In February 2021, hackers fired a ransomware attack against CD Projekt, stating that they got the source code for video games like Gwent, Cyberpunk 2077, Witcher 3, and an unreleased version of Witcher 3. CD Projekt refused to pay the ransom, and the hackers listed the data together with other confidential information at auction. The last price for the data was $7 million.
Apex Legends was plagued by a big number of DDoS attacks, and as a measure of counterattack, it started to ban users caught cheating or employing DDoS attacks. Call of Duty: Warzone and Call of Duty banned 360,000 accounts Activision, and Ubisoft banned 91,000 Rainbow Six siege accounts. One may wonder if banning these users can solve something. Some believe it’s a useless measure because the users who cheat or use DDoS can create new accounts and operate even harsher attacks on the gaming platforms.

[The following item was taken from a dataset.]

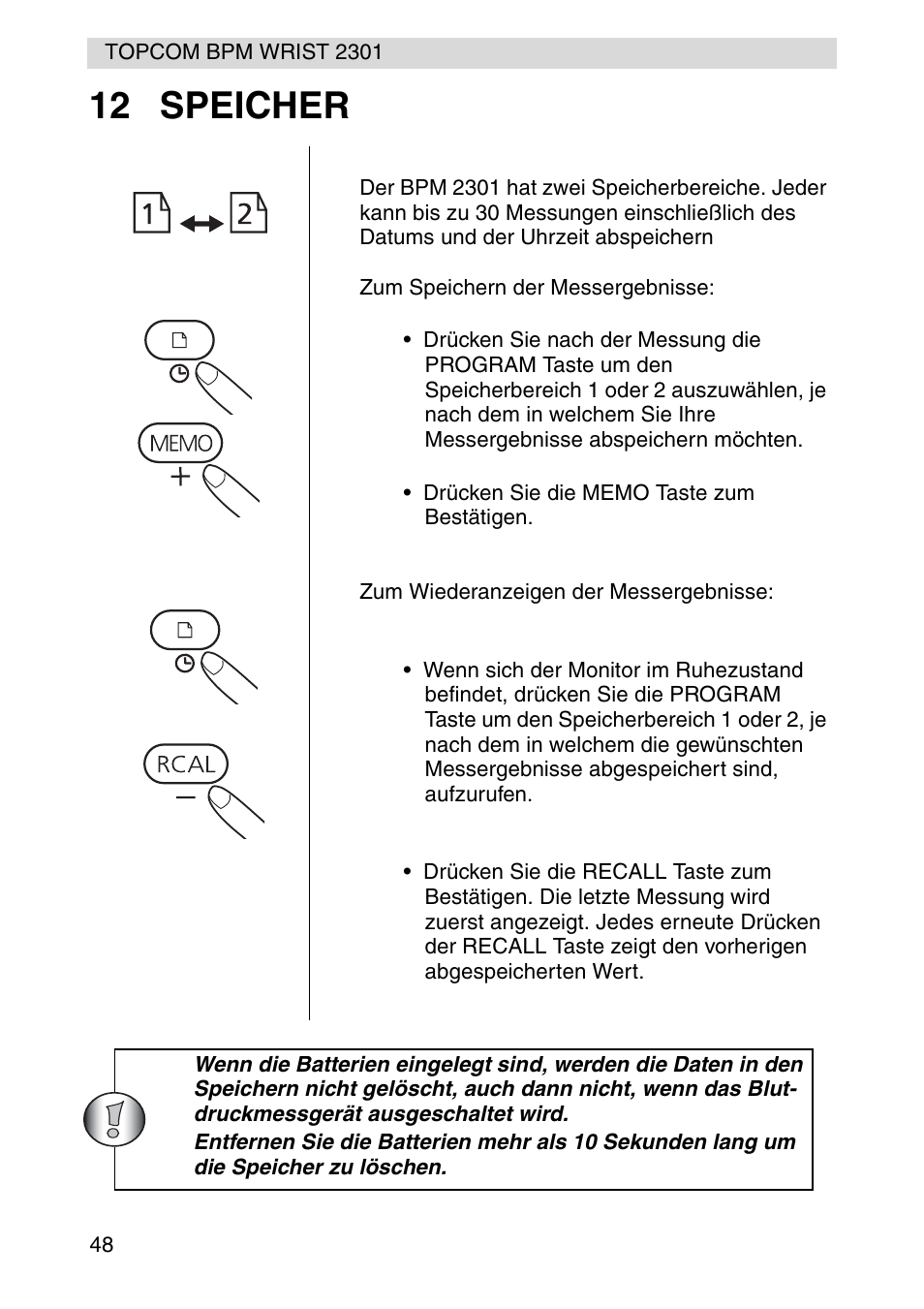 12 speicher | Topcom BPM Wrist 2301 User Manual | Page 48 / 112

Respawn took legal action to solve the cyberattacks, following the example of Ubisoft that also took legal action against the users that provided DDoS attacks for hire. After taking this measure, Ubisoft registered a 93% drop in DDoS attacks.
How can players and game providers prevent digital attacks?
Game providers leverage UDP/TCP protocols, public cloud environments, state-of-art architectures. Unfortunately, these architectures also have some flaws because even if they provide the users with a top-notch digital experience, they are challenging to secure. However, in the given context, protecting the entire gaming system from the server to the player and the gaming session is vital. The only way to protect the gaming system from targeted accounts is to extend security to personal accounts and devices. Firewalls, antivirus, VPNs, and endpoint protection can improve protection. It’s recommended game providers to implement unique passwords for clients and employees so that no one uses the same password in different places; in case of a breach, the hackers won’t be able to use the password to access other accounts.
All aspects of the gaming environment are vulnerable to cyberattacks. Digital attacks seem to be evolving and finding new ways to launch threats upon the gaming industry. Because of the pandemic and the growth of userbase video games, digital criminals invest even more resources in targeting players and companies.